Somiglianze e differenze tra due leader

Dal fondo del teatro stracolmo di pubblico, giornalisti e telecamere s’ode all’improvviso una vocetta strozzata, un lamento, quasi un singhiozzo: “Spostatevi, non vedo niente”. E in un lampo, mentre Angelino Alfano concede uno sguardo vuoto ai fotografi e Bruno Vespa controlla la scenografia di quest’ultima attesa presentazione del suo libro, Matteo Renzi, sul palco, smette di parlare, osserva l’anziana donna cui appartiene quella vocetta strozzata, e sornione azzecca la battuta: “Non si preoccupi signora non si perde nulla”. Risate. E davvero questo trentottenne fiorentino possiede doti teatrali e tempi della commedia. Mentre parlano gli altri lui sempre si fa muto e irridente, strizza l’occhio alla platea, e dunque accentra l’attenzione anche quando non parla. Scavezzacollo e fulmineo come l’Italia ha conosciuto soltanto Silvio Berlusconi – “se avesse un filo di tette le mostrerebbe”, diceva Indro Montanelli – Renzi è un venditore e impresario di se stesso non meno abile del CavaliereNon racconta barzellette scollacciate, non ha le stesse ubbie giocose del Sovrano di Arcore, ma alimenta attorno a sé la medesima attesa scenica, e tutti, sempre, s’aspettano fuochi d’artificio dialettici, giochi di parole, paralogismi, analogie e metafore umoristiche: “Il mio confessore una volta mi ha detto: ‘Matteo, Dio esiste, ma stai tranquillo non sei tu”. E tanti anni fa invece Berlusconi chiese a Vespa di odorargli il polso della mano destra: “Sente?”; “Sì, ma cos’è?”; “E’ odore di santità”.
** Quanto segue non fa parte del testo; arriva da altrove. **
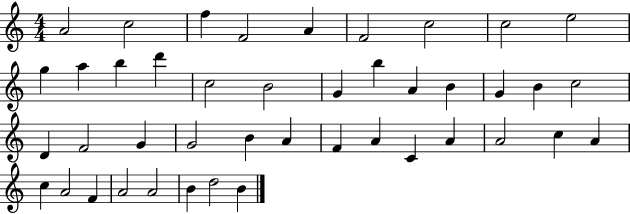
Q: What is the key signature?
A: C major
La politica è effetto di scena, diceva Karl Kraus, e l’Italia aveva finora conosciuto un solo cabarettista, simpatico e ruffiano, contraddittorio intrattenitore da crociera, magico e bugiardo. Ma adesso che un vero comico, Beppe Grillo, s’è fatto anche lui uomo politico, con Matteo Renzi gli affabulatori carismatici, così moderni eppure così antichi, nel nostro strano paese sono diventati tre. Eppure Grillo ha il suo vecchio stile arruffato e strillone, settario e assertivo, violento e indulgente alla volgarità, mentre Berlusconi e Renzi, narcisi, un po’ gradassi e sicuri di sé, seducenti e compiaciuti di sedurre, davvero sembrano fatti della stessa inafferrabile e ludica pasta, vogliono piacere a tutti, il loro marketing è rivolto alla famiglia italiana media. E sarebbe forse facile sociologia ricordare che Renzi è nato nel 1975, che canale Cinque è stato fondato nel 1974, che Renzi amava Mike Bongiorno al punto dall’aver voluto partecipare (vincendo) alla Ruota della Fortuna, e che insomma il segretario ragazzino del Pd è cresciuto a pane e televisione berlusconiana, uno spirito che gli scorre nel sangue, che forse rappresenta il suo orizzonte inconscio e sedimento più profondo. Giovedì scorso, a Roma, in Piazza di Santa Chiara, nel teatro gonfio che ospitava la presentazione del libro di Vespa, dev’essersene accorto anche Angelino Alfano, suo malgrado. L’ex gregario del Cavaliere, in poco più di un’ora di dibattito, è rimasto tramortito e imbambolato di fronte al bullismo protervo e giocoso di Renzi. Alfano, ridotto alla balbuzie, s’è visto travolgere da un turbinio di schiaffetti e sfotticchiamenti, allusioni, avanzate temerarie e improvvise ritirate, un sadico mobbing che non può non avergli ricordato gli anni vissuti alla corte di Arcore, la strategia e il passo crudele del suo vecchio padrino politico, il Cavaliere che lo dominava a suon di contundenti buffetti padronali: “Angelino è tanto bravo, però gli manca qualcosa. Gli manca il quid”.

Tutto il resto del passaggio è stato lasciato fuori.